There are many reasons to visit Muskoka: the small town ambience; the pristine lakes; its world-renowned golf courses. These days, there’s another excellent incentive thanks to the tremendous growth of its dining scene. We asked some of Muskoka’s most prominent kitchen captains about their restaurants, their cuisine and the area’s emergence as a foodie-friendly destination. Watch this space for a new chef every week of the summer!

CHEF MICHAEL RICKARD
One Fifty Five, Bracebridge

Tell us about your restaurant and its philosophy.
All of our dishes are house-made from the finest available ingredients using traditional French techniques. We have endeavoured to create an affordable fine dining experience in a comfortable environment—light and fresh at lunch, romantic at night.

The Muskoka region is gaining popularity as a dining destination. Why do you think this is?
As an up-market destination for cottagers and tourists and with the influx of retirees from the Toronto area, there is an ever-growing demand for a better dining experience.
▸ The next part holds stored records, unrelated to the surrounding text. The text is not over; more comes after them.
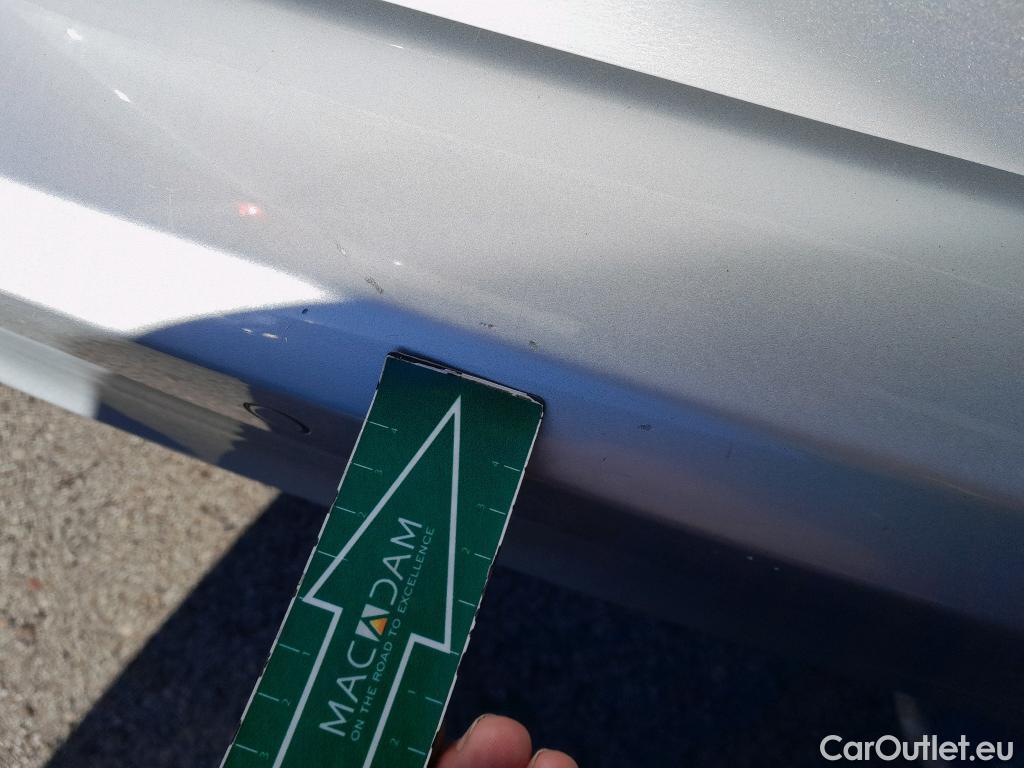  Ford  Focus FORD  / 2018 / 5P / familiar 1.5 Ecoblue 88kW Trend+ SB #8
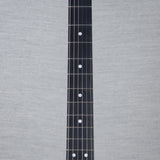 Charvel Custom Shop San Dimas 2H Masterbuilt By Joe Williams - Candy Apple Blue - #JW0136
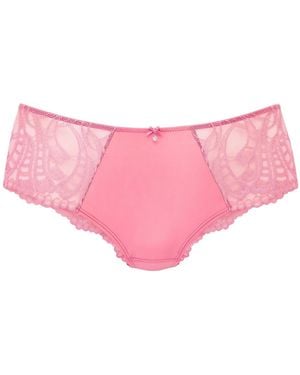 Lascana Panty - Pink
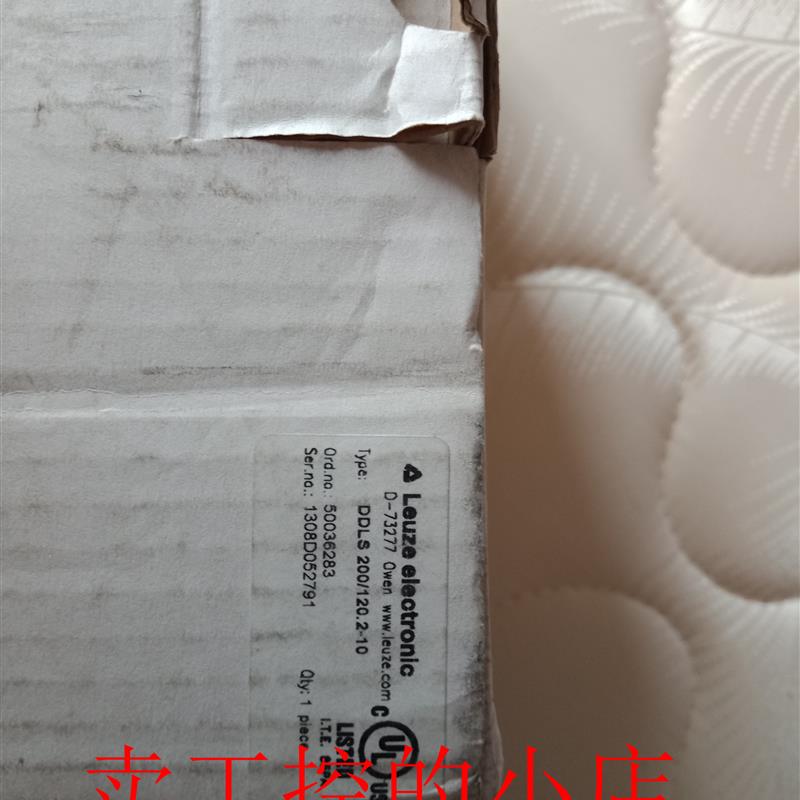 KP0022A00  DBSC105-GAAW-2-708 原装  全新现货议价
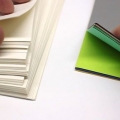 Crea una cartolina
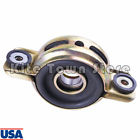 49130-4a400 49130-26000 Bestparts Drive Shaft Support Bearing For Hyundai Santa 615284545156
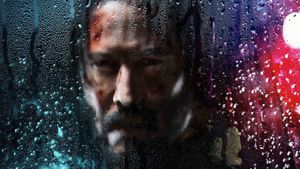 John Wick: Chapter 3 - Parabellum's poster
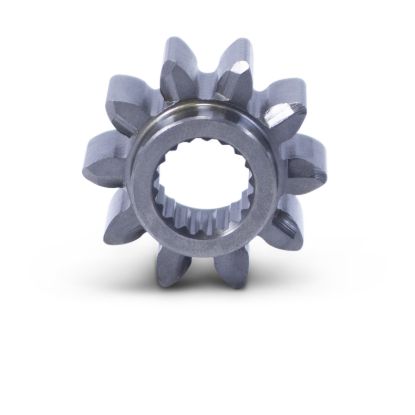 Picture of Proform Starter Pinion Gear - 66256P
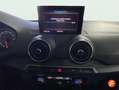 Audi Q2 30 TDI Advanced S tronic 85kW Blanco - thumbnail 11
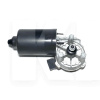 Мотор склоочисника KLM Autoparts на Chery AMULET (A11-3741011)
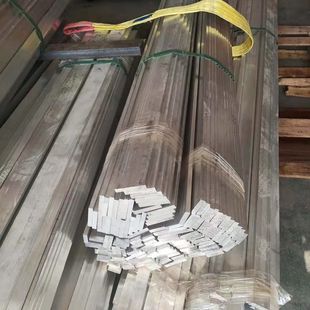���l6061�X��5*30/3*10mm5*8mmС�X�l3*8mm���X�r�� �X�Ͻ���X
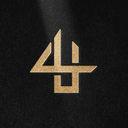 mahdi4u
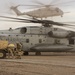 WTI 2-21: CH-53E DASC Lift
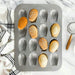 USA Pan Madeleine Pan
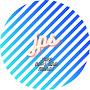 @jpspronsnipersniper2869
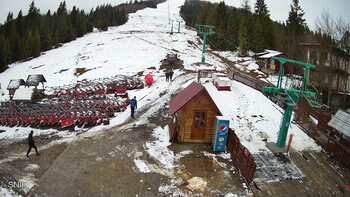 Пилипець 28 листопада 2025 року, 2025-11-28 10:00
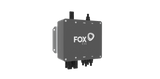 Fox ESS HV Junction Box-50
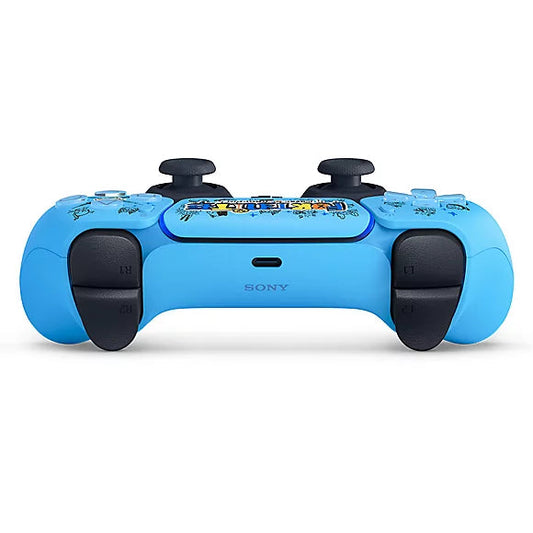 Sony PlayStation 5 DualSense Wireless Controller FORTNITE Limited Edition Microcenter India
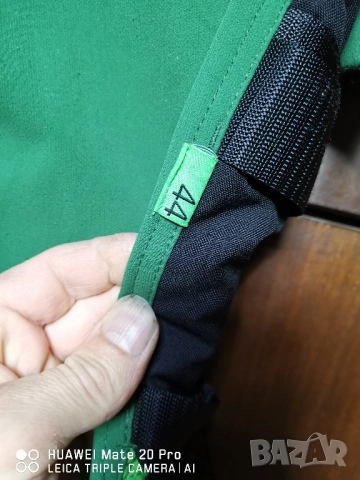 Snickers 44, модел 6940., снимка 7 - Панталони - 52448961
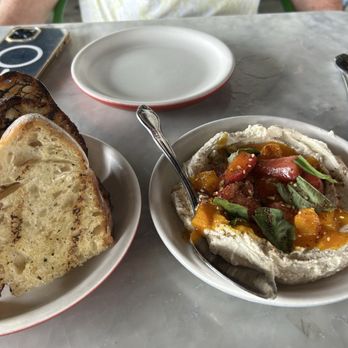 Culinary Dropout - New American Near Me - Denver, Colorado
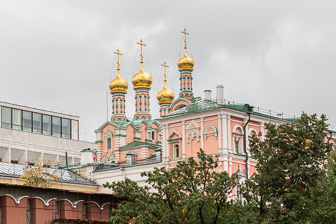 108A9337.jpg
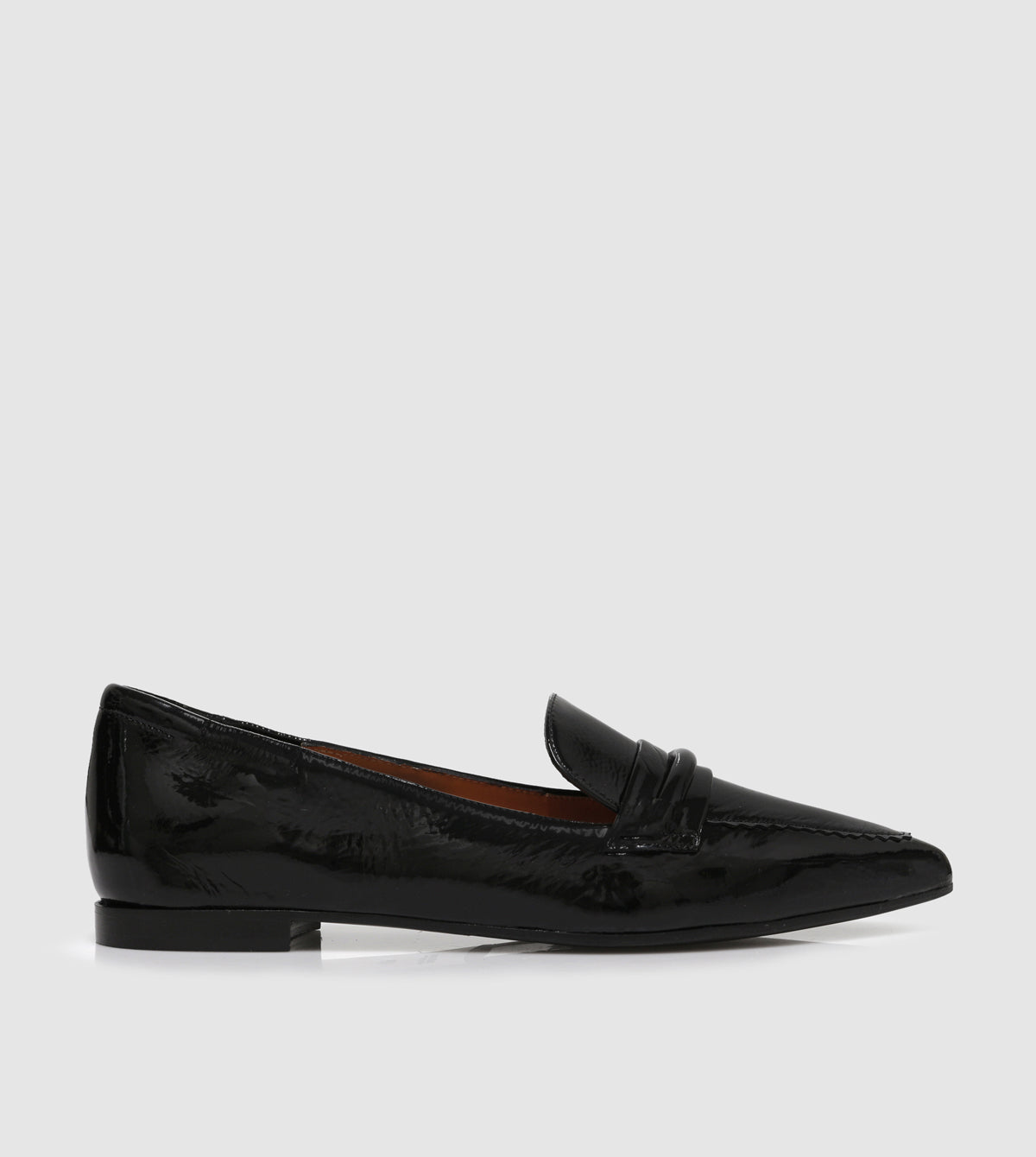 Katalina Slip Ons by Sempre Di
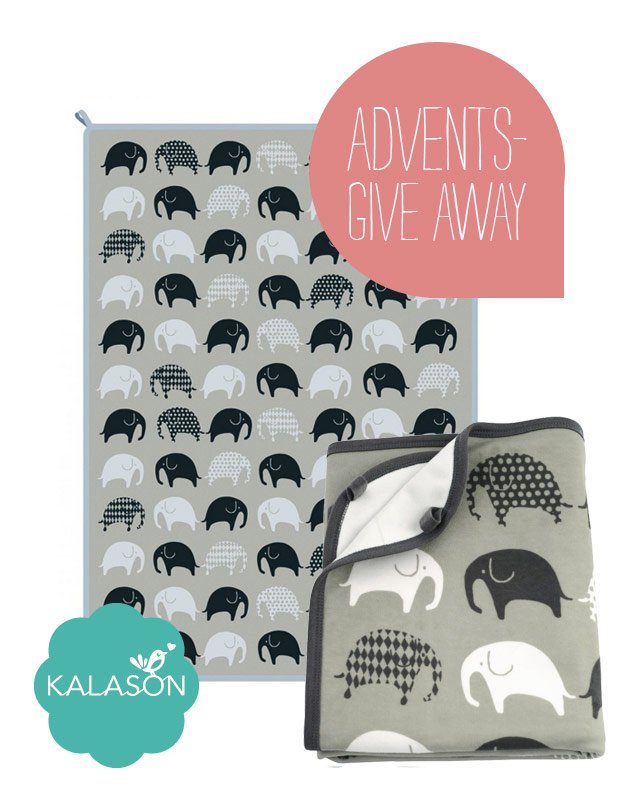 Adventsgiveaway_1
What are your thoughts on the local food movement?
I think the local food movement, as promoted by Savour Muskoka, is a great thing.  Supporting our local purveyors is good for the diner, restaurateur and farmer. I find local food and produce to be fresher and tastier. It gives me a great feeling to “buy local”—a feeling of being connected to the life of the land around me. It’s a bit more work as a chef to buy local as you have to be more attuned to the local market, but it’s definitely worth the effort.

What inspires you to cook?
I am passionate about food and I like to be creative.  I was raised in the hotel industry and so was lucky enough to live in places like Malaysia, Bahamas, Barbados, Bermuda and the United States, where I was constantly exposed to a variety of local foods as well as the fine cuisine served in the five-star hotels my father managed. I’ve also travelled and cooked in such places as England, New Zealand, Thailand, Mexico and British Columbia, widening my culinary horizons. My parents are both very good cooks, so I guess you could say that cooking is in my blood.